Beating self-service checkout theft
The solution to self-service checkout theft might have been solved by Scottish researchers.
Abertay University academics found digital human-like faces at supermarket self-service checkouts can help reduce the risk of shoplifting.
The study simulated a self-service checkout scenario, with participants asked to scan and weigh items before making the final payment.
Opportunities were provided in which shoppers could benefit financially through dishonest behaviours.
"Items without a bar code provided opportunities for dishonest behaviours as participants were required to select a weight or provide item numbers," researchers wrote.
They found when a human-like face was present, participants were less likely to cheat the system than times it was not included.
"This study shows that there are potential effects on people's behaviour due to the inclusion of human-like elements within the service," explained researchers.

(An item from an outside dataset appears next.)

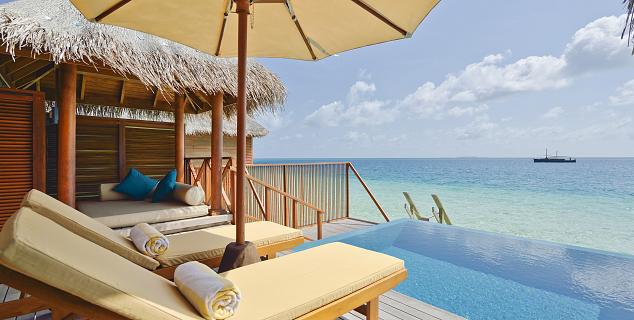 Lagoon Bungalow with Pool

"Interface designers interested in this field need to achieve a balance in that an agent will have to be noticed sufficiently, while not interfering with a consumer's task."
Researchers concluded there is "huge merit in maintaining a social element in consumer interaction with technology" when focusing on reducing self-service checkout theft.
The study comes as retailers across the country currently are trailing several different methods to combat self-service checkout theft.
Several unnamed supermarkets in New South Wales are currently working with Melbourne robotics firm black.ai to create sensors which create a log of the products the customer selects - this information is input into the checkout at the time of purchase.
"Our distributed decision-making stack maintains a virtual 'cart' for each customer, reliably detecting and tracking all product interactions," black.ai previously told nine.com.au.
Australian company Tiliter Technology has also developed a similar automated product recognition system which relies on machine learning and artificial intelligence.
The company uses a camera to identify the product and then automatically enters the information into the point-of-sale system – it claims to be able to tell the difference between varied products from the same family such as Red Delicious, Fuji, Pink Lady and Royal Gala Apples.
Earlier this year, a select number of Coles stores across Victoria also installed cameras directly above the self-service monitor, with every move made at the checkout broadcast back to the shopper and recorded on file.